The Life of a Research Panelist: Invitations Count

One of my first posts on this blog was about the way online research panels bombard panelists with requests to participate in research. It seemed like I was being invited to take part in surveys that were not relevant and getting these invitations at an alarming rate.

How companies treat panelists came to my mind again last week as I listed to speakers at the Social Media and Community Strategies 2.0 Conference. It seemed like as a research panelist I was only treated as product, not as a part of a community where I had any real control over my own experience.

After tweeting out the question “do panel companies think of their panelists as customers?” (I received a nice reply from iTracks saying that they do and I have no reason to dispute it.) There is no doubt an opportunity to get more engagement and insight from people who have agreed to be a part of your panel. Or at least to better understand my preferences as a panelist, but instead I just get requests to take a survey… and requests… and requests… 120 in all from one company in a week. 120!

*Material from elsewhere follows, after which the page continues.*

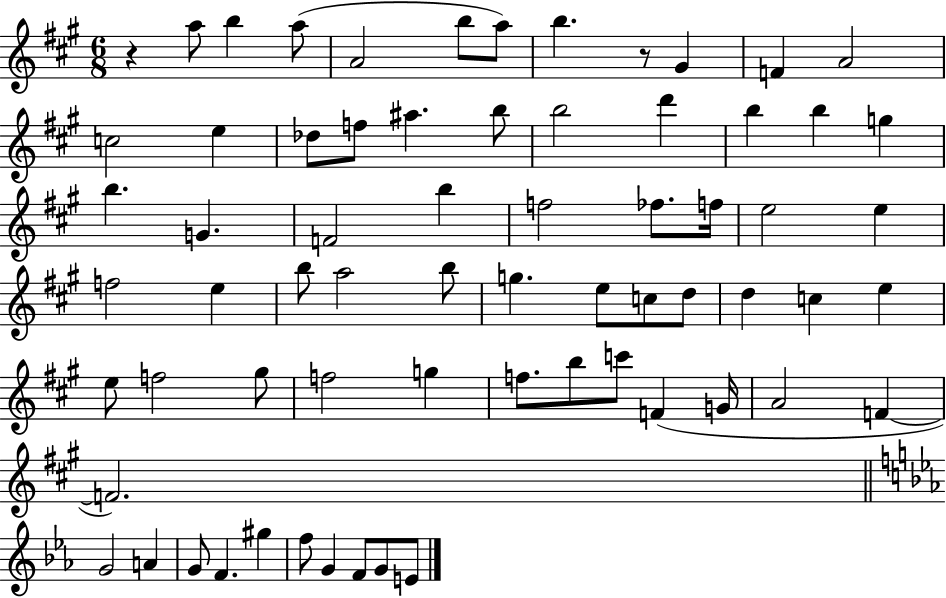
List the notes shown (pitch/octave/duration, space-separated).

R/q A5/e B5/q A5/e A4/h B5/e A5/e B5/q. R/e G#4/q F4/q A4/h C5/h E5/q Db5/e F5/e A#5/q. B5/e B5/h D6/q B5/q B5/q G5/q B5/q. G4/q. F4/h B5/q F5/h FES5/e. F5/s E5/h E5/q F5/h E5/q B5/e A5/h B5/e G5/q. E5/e C5/e D5/e D5/q C5/q E5/q E5/e F5/h G#5/e F5/h G5/q F5/e. B5/e C6/e F4/q G4/s A4/h F4/q F4/h. G4/h A4/q G4/e F4/q. G#5/q F5/e G4/q F4/e G4/e E4/e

As an industry, the market research community often talks about panelist and data quality. Every company has rules for how many responses they will take from a panelist, but clearly the rules do not apply with invitations. The ramifications for market research as a brand are huge. By inviting me to irrelevant surveys I am less likely to respond that those are relevant. I am less likely to feel good about my involvement in research on the whole. And I am less likely (as a business person) to trust the data I am getting. It’s a simple issue that needs to be addressed.

And until then I have 120 surveys to complete so I can get some points I’ll never redeem.